Statistics students at the Johannes Kepler University Linz took part in a challenge to look at how accurately they could predict LINZ AG consumer electricity consumption in Linz - and a winner was selected!

Many people believe statistics is a very dry subject but that could not be further from the truth: real life is behind every statistic. Just when is a pandemic considered ‘out of control’ and requiring action? How do economic stimulus programs affect unemployment numbers? Which team is most likely to win a soccer tournament? While statistics cannot predict individual events with any degree of certainty, they can accurately provide predictions about large numbers of events. This is why market research, for example, as well as industrial quality controls are based on statistics, financial analyses, and political policies.

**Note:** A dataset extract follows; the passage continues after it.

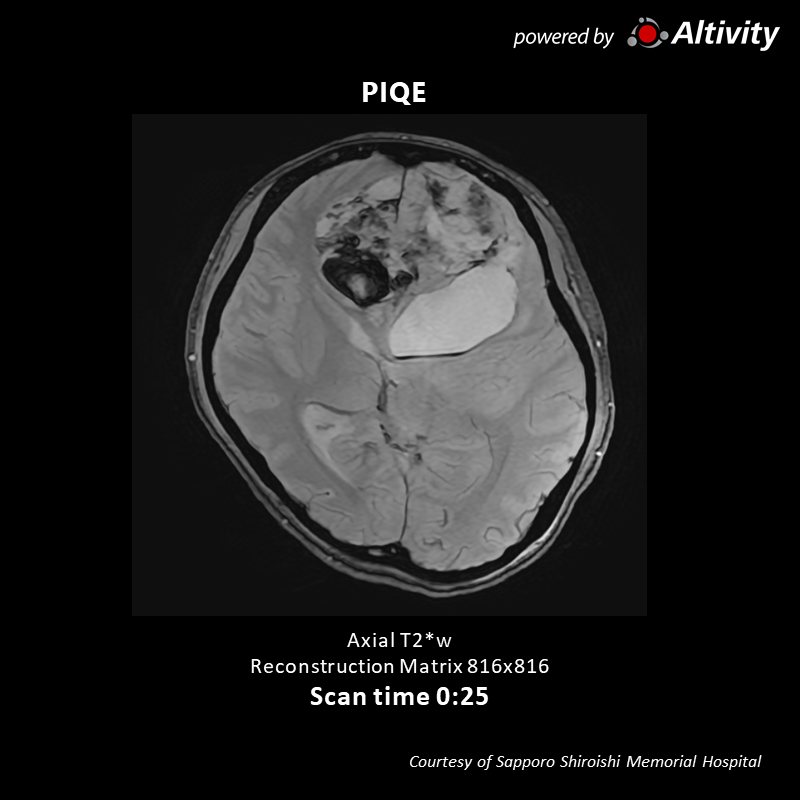 Vantage Galan 3T Supreme Edition Brain tumor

Statistics Degree Program with Real-World Experience and AI
Prof. Andreas Futschik, co-director of the JKU Kurt Rothschild School of Economics and Statistics, explains: "Students at the JKU are given a well-founded, interdisciplinary education. The Bachelor's degree program in Statistics and Data Science also includes applying and using artificial intelligence. This is unique in Austria."

As he also believes strongly in taking a hands-on approach, a challenge was organized together with LINZ AG in which students had to predict the LINZ AG’s energy demand. The LINZ AG supplies energy to the majority of those in the state capital.

Klemens Längauer of LINZ AG explained that it is not an easy task as " … energy consumption varies depending on many factors. Electricity consumption is about twice as high during peak hours during the day and at night. Factors that influence our consumption behavior include the time we get up, cooking, etc. In addition, the duration of sun we get per day plays a big role as well." Despite even those most accurate predictions, unforeseen events can result in higher costs.

Birgit Grubauer of Gallneukirchen Brings Home the Win
20 JKU graduate students accepted the challenge, taking as many factors into account as possible and coming up with their own predictions regarding consumer electricity consumption at LINZ AG. The winning submissions were selected and Birgit Grubauer won (average deviation: approximately 6 megawatts from the actual electricity consumption of 96 gigawatt hours for November and 106 gigawatt hours in December). Elias Zeintl was the next runner-up (average deviation: 6.97 MWh), and Victoria Wimmer came in third (average deviation: 7.17 MWh). The winners will also receive prize money in the amount of € 2,000 generously provided by LINZ AG. In addition, they will write a report about their method which will be a part of their grade in "Computational Statistics".

The 23-year-old winner spent close to 50 hours working on her model. Ms. Grubauer remarked: "The hardest part for me to make my prediction was deciding what type of model would work best because real-world data often deviates from theoretical data."

Birgit Grubauer would highly recommend the degree program without any reservations: “The program is a combination of theory and real-world practices applied to different interdisciplinary projects. In addition, the student-professor ratio is small and students benefit from individual support by faculty members as well as close contact to fellow students.

Klemens Längauer (LINZ AG) was impressed by the high quality of the results. "There is a high level of expertise on display and when looking at our own models, we will certainly look at whether or not we can make use of these results."

In addition, as part of the upcoming “Global Shift” exhibition at the Ars Electronica Center, Ars Electronica Solutions will attempt to provide the public with a visual and interactive display that presents the results and addresses the importance of finding better ways to forecast the current energy load.